Server is authoritative: all game state changes originate from server simulation
Clients send input commands; server applies them and broadcasts state
Clients predict local state immediately on input for responsiveness
Server reconciles client predictions and corrects divergence
Support up to 64 players per game session at 20 Hz tick rate

Non-Functional Requirements

State update payload per tick under 1,400 bytes (single UDP datagram) per client
Tolerate up to 5% packet loss without visible artifacts
Handle player RTT of 20–200 ms
CPU budget for server simulation: under 8 ms per 50 ms tick

Core Data Model

Game State Snapshot

struct EntityState {
  entity_id:   u32,
  position:    Vec3f,     // 12 bytes
  velocity:    Vec3f,     // 12 bytes
  orientation: Quaternion,// 16 bytes
  health:      u16,
  flags:       u16,       // alive, crouching, firing, etc.
}  // 44 bytes per entity

struct WorldSnapshot {
  tick:          u32,
  timestamp_ms:  u64,
  entity_count:  u16,
  entities:      EntityState[],
}

Input Command

struct InputCommand {
  client_tick:   u32,
  move_forward:  i8,    // -100 to 100
  move_right:    i8,
  turn_yaw:      i16,
  turn_pitch:    i16,
  buttons:       u16,   // jump, fire, crouch bitmask
}  // 10 bytes

Key Algorithms and Logic

Delta Compression

Instead of sending a full world snapshot every tick, the server sends only entities that changed since the last acknowledged snapshot for each client. Each state update is tagged with the baseline tick it diffs against. The server maintains a circular buffer of the last 32 snapshots per client. If a client's last ACKed snapshot is older than 32 ticks (1.6 seconds at 20 Hz), the server sends a full snapshot to resync.

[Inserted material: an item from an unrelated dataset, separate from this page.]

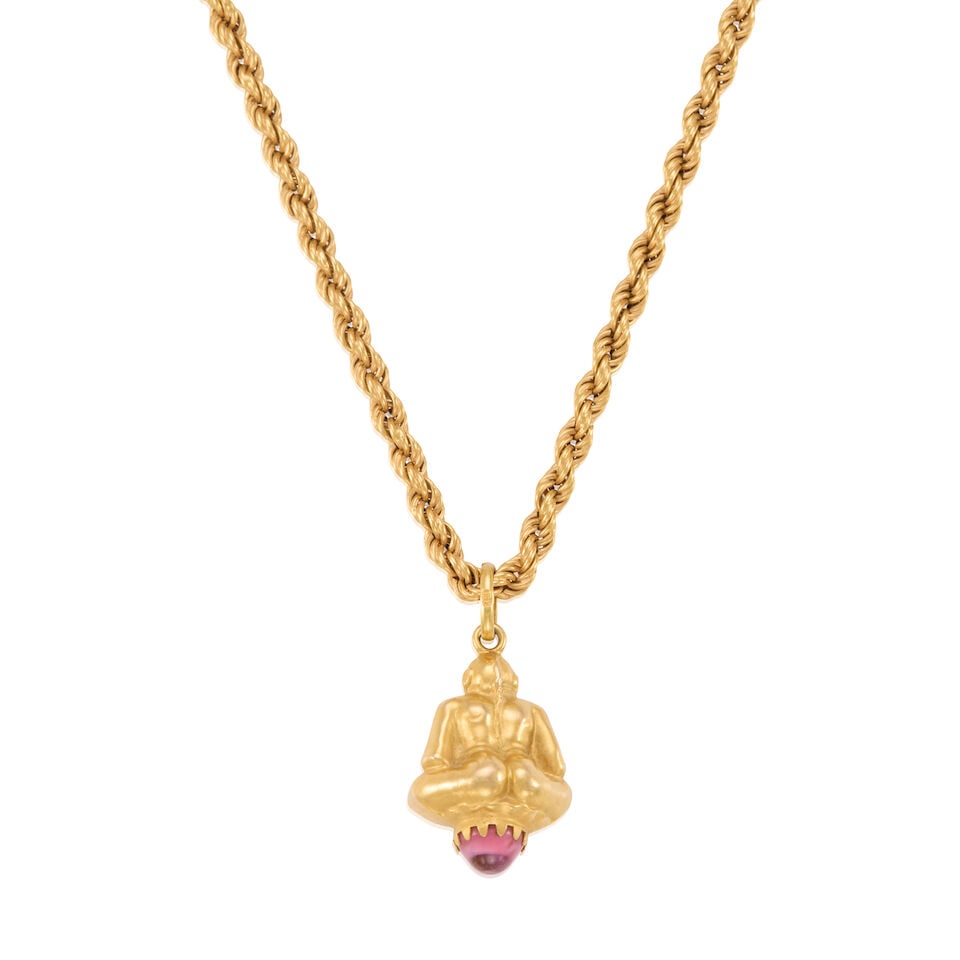 18K GOLD PENDANT NECKLACE - 2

Quantization further reduces payload: positions are quantized to 0.01-unit precision (16-bit fixed point for coordinates within a 655m world cube), reducing Vec3 from 12 bytes to 6 bytes. Orientation uses a smallest-three quaternion encoding (3 × 15-bit components = 6 bytes). A 64-entity delta update fits comfortably within a 1,400-byte MTU.

Client-Side Prediction

When the player presses a key, the client immediately simulates the movement locally using the same physics code as the server. The client stores a history of unacknowledged input commands in a ring buffer indexed by client tick. This allows instant visual feedback with no waiting for a server round trip.

Server Reconciliation

The server's state update packet includes the last processed client tick (ack_client_tick). On receipt, the client:

Discards all buffered inputs with tick <= ack_client_tick.
Sets the local player position to the server-authoritative position.
Re-simulates all remaining buffered inputs on top of that position.

If the server-corrected position differs from the predicted position by more than a threshold (e.g., 0.5 units), apply a smooth correction lerp over 100 ms rather than snapping, to avoid jarring visual jumps.

Lag Compensation

When a player fires a shot, the server receives the input command at time T + RTT/2. The target entity has moved since the shooter aimed. Lag compensation rewinds the server's entity history to the tick corresponding to the shooter's view time, performs the hit detection against the historical positions, then unwinds. This makes hits feel fair: if the crosshair was on the enemy at fire time on the client, the server confirms the hit.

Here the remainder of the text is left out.